Operations have typically used service level agreements, SLAs, to rate system health. They might have a stated target of 99% availability for their service, which sounds good, but raises some pretty important questions.
- From the business, why only 99%? If you can do 99%, then surely you can do 100% and keep the system available all the time.
- From IT management, what happens if you breach the SLA? How do we know if it drops to 98%, and how do we get back within tolerance?
SRE does things differently. Service health is defined in terms of multiple service level objectives, SLOs, which are user-focused rather than operations-focused. So a generic 99% availability SLA is replaced with specific targeted SLOs, like:
- 99.9% of requests will be handled successfully, — SLO 1
- 90% of responses will be returned within half a second, — SLO 2
- 99% of responses will return within 2 seconds. — SLO 3
These SLOs are tracking user experience with the goal of defining a level of reliability that is good enough to keep customers happy.
If the app starts generating errors or takes a long time to respond, then users will log complaints or switch to another product. The SLOs are meant to define the thresholds where you need to act before that happens. That’s always going to be below 100% because 100% isn’t practically possible.
Let's put some practicality, take a 28-day measurement window. There are 40,320 minutes in that period where you’re monitoring response times. A target of 99% gives you 403 minutes outside of the SLO before you breach (that’s 1% of 40,320). That’s around 7 hours each month when your response time service level might be unacceptable to users, which does seem like a lot. But three nines is 99.9%, and that gives you just 40 minutes a month (that’s 0.1% of 40,320). Four nines only allow you 4 minutes a month, and five nines is just silly.
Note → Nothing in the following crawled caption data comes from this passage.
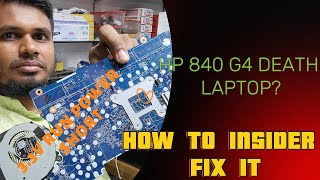 HP 840 G4 NO POWER PROBLEM DEATH33v Run Power Missing or Short  HOW TO FIX IT [upl. by Aisset]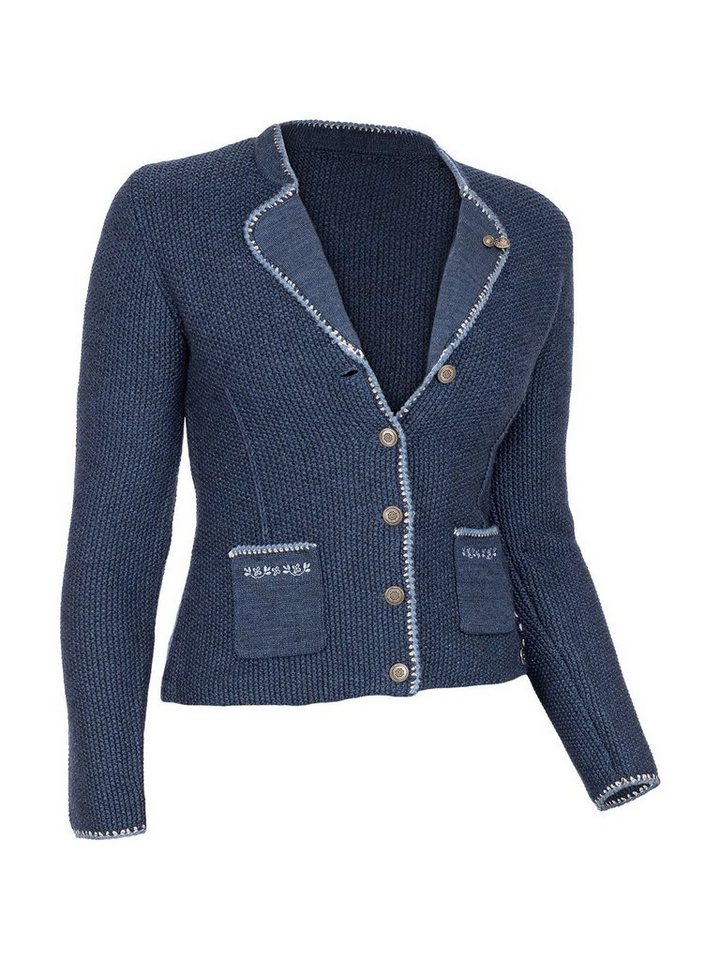 Spieth & Wensky Strickfleecejacke Strickjacke AILEEN jeansblau von Spieth & Wensky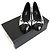 Chanel Ballerine in Tweed con Punta Captoe CC Bicolore Bianco - vista 5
Modern distributed systems have multiple moving parts which run across multiple internal and external services. For most applications, four nines is very difficult to achieve and very expensive.
You might be looking at dual-running services across multiple clouds or hybrid cloud and data center deliveries and keeping live data in sync globally. That’s going to hugely complicate your architecture and significantly increase your running costs. And it’s probably not necessary to have those stringent service levels.
If a web page takes more than a few seconds to respond, users will just hit F5. The next request will likely hit different servers in different locations and come back just fine. Occasional issues don’t affect the vast majority of the user experience, so they’re not likely to be worth the investment of adding another nine.
Error Budgets
SLOs need to be achievable targets, and they’re agreed between stakeholders, the business product owner, the dev team, and the SRE team. What the SLO gives you is a window where it’s okay to be out of tolerance, and that’s your error budget.
The error budget is simply 100% minus your SLO. So if an SLO target is 99.9%, then you have an error budget of 0.1% over the period, and that’s your 40 minutes over 28 days. You need the error budget so you can comfortably change the system. The vast majority of service issues are caused by an update or a configuration change, so the error budget effectively controls the release velocity of the product. That’s why it needs to be a three-way agreement between the product owner, the dev team, and the SRE team.
A new product might have a lower SLO because the business wants to move fast and experiment. That means lots of releases, which come with lots of risks, and they’ll have to accept the lower SLO because that’s what the dev team needs to keep moving.
Long-established products with lots of happy but demanding users might have a much tighter SLO. With the business agreeing to minimize new feature releases in favor of keeping the application stable. Too many issues will exhaust your error budget for the period. When that happens, there needs to be an agreed policy to get the service back into tolerance.
In SRE, the error budget policy is a formal document that defines what happens when there’s a breach in the SLO. Again, this is agreed between the business and the IT teams, and the policy specifies how to react to try and maintain the SLO.
There are a couple of ways to define what happens at any point where there is a breach of the Error Budget policy.
- If there was a minor breach in SLO at the end of a period, it could mean reprioritizing feature development. So the dev team also work on reliability issues in the next period.
- If the SLO gets breached mid-period, it could mean a feature freeze. So dev can only work on reliability issues for the rest of that period.
- And a serious SLO breach might mean a complete change freeze. So there are no new releases for that period except for critical security patches.
Between the SLO and the error budget, SRE gives you a structure to keep users happy and give the product the velocity that the business wants. The error budget policy is the contract that ensures that you can balance those concerns.